━━━ PROVIDED RECORDS

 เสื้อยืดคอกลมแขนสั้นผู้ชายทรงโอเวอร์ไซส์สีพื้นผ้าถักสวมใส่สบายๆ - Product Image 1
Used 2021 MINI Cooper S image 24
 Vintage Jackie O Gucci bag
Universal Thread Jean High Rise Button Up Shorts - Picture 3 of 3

━━━━━━
━━━ PROVIDED RECORDS

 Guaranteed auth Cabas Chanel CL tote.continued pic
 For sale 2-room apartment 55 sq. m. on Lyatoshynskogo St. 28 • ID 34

━━━━━━

Word for word, restate the lines of the listing above starting at the line with "Product Image 1" and ending at the line with "Universal Thread Jean", and nothing outside them.

 เสื้อยืดคอกลมแขนสั้นผู้ชายทรงโอเวอร์ไซส์สีพื้นผ้าถักสวมใส่สบายๆ - Product Image 1
Used 2021 MINI Cooper S image 24
 Vintage Jackie O Gucci bag
Universal Thread Jean High Rise Button Up Shorts - Picture 3 of 3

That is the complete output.